Turkey and Iraqi Kurds headed for confrontation
In an item from ArabicNews.com, “Turkish officials” tell the daily newspaper Bousta that there will be no Kurdish state in northern Iraq.
In a telephone call with the Turkish daily Bousta, the Turkish officials indicated in its Saturday’s issue that Washington gave guarantees to Ankara that a (Kurdish) state will not be established, stressing that it is impossible that the US will sacrifice its good relations with Turkey for the sake of founding an independent Kurdish state in the after- Saddam phase.
This is almost assuredly true, since the United States needs Turkey a lot more than it needs the Kurds, and it’s been telling the Kuwaitis not to worry, that there will be no democracy in a post-Saddam Iraq.
And yet the Kurds, bless them, persist in moving forward with their constitution, a charter that is almost guaranteed to get them invaded by Turkey. A meeting of 35 Kurdish parties, called for by the chairman of the Kurdistani Democratic Socialist Party, Muhammad Haji Mahmoud, convened yesterday in the town of Kuwisinjaq. While all Kurdish parties, including the Islamist parties such as Islamic Movement and Islamic Union, are expected to attend, the Turkomen parties weren’t invited, an ominous omission.
For not only will the Turks (and Syrians and Iranians) look upon Kurdish jostling for federalism in Iraq with alarm, Turkey could use the exclusion of the Turkomen as an excuse to intervene, especially since Ankara has recently been referring to Kirkuk, the proposed capital of a Kurdish entity in the north, as a “Turkomen” city. (Which isn’t true at all. The Kurds have a longer claim to it than the Turkomen.)

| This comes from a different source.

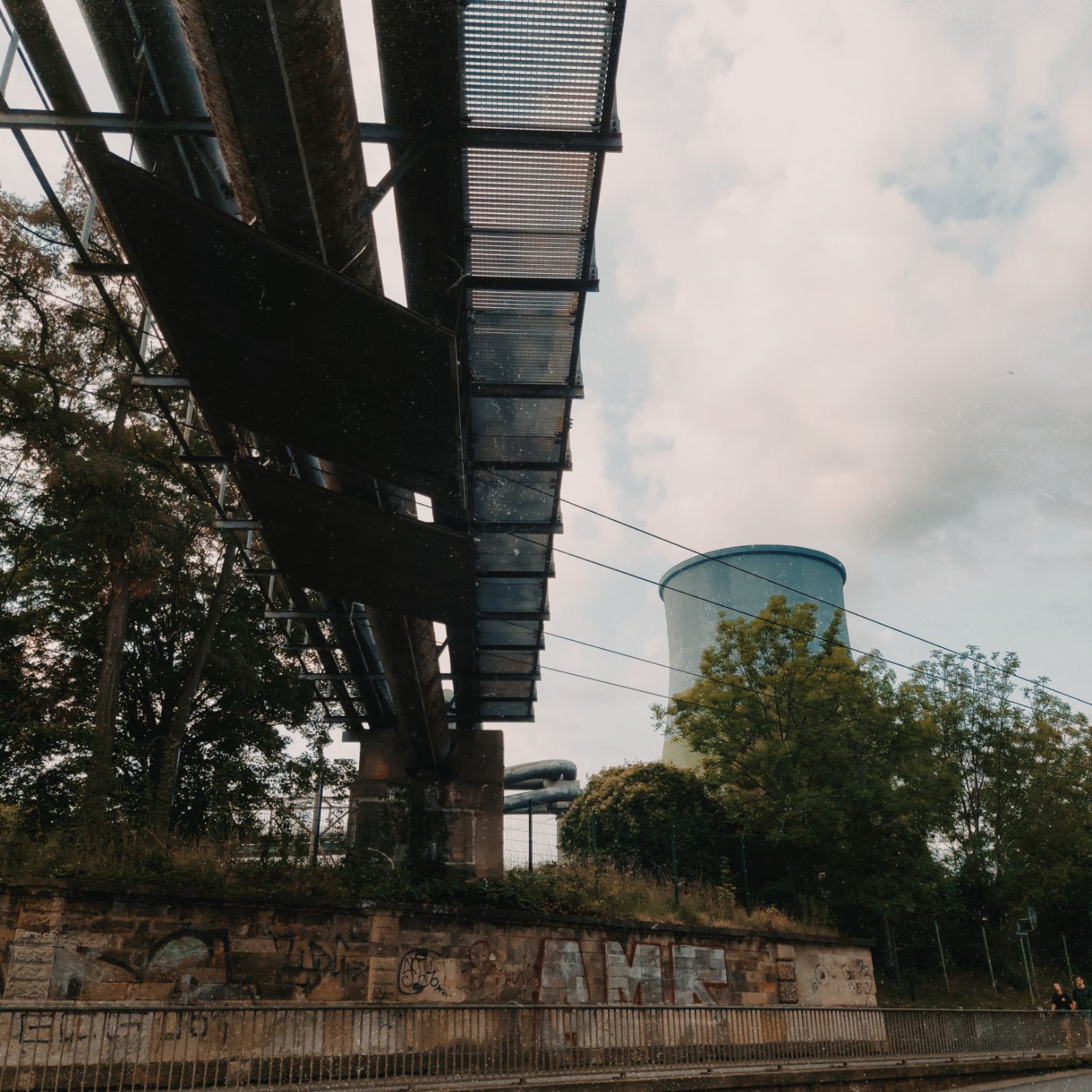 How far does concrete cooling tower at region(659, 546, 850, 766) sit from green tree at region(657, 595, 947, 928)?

Ala Talabani, a spokesperson for the PUK in Suleimanya, emailed me today and told me that the Kurds are doing everything they can to reassure Turkey. “Turkey, they are nervous, but parties here are doing theire best to make them understand that we are not looking for Independency; we will remain a part of Iraq,” she wrote. [Ed. I cleaned up her English a little.] “Remember that they have an election (coming up.) After that, their position will be clear.”
But what that position may be, no one knows. The ruling coalition of ailing Prime Minister Bulent Ecevit will almost assuredly be removed come Nov. 3, and a party with roots in political Islam, Justice and Development, is polling at 30 percent, far ahead of other parties. This means Turkey could be looking at a Prime Minister Abdullah Gul, a top Justice and Development party leader. Remember, in 1997 the Turkish military staged a “soft coup” to remove an Islamist ruling coalition when it strayed too far from the embrace of the West and chummied up with Iran and Libya.
I think a Justice and Development-led government would be even more hardline on the question of the Kurds. Any civilian government in Turkey must kowtow to the military establishment, which views both political Islam and Kurdish separatism with equal contempt. In order to protect its position, Justice and Devlopment won’t do anything to piss off the generals in Ankara. Also, the Islamists, despite their rhetoric, are cool to the idea of the European Union and its demands that Turkey temper its persecution of its ethnic minorities. Since the EU snubbed Turkey in its latest round of talks, an Islamist-led Turkey would have little reason to accommodate Europe — or the Kurds.
So the stage is set for chaos in northern Iraq, apres Saddam. And the only people who will be able to bring the parties to heel will be the United States. The question is, will it?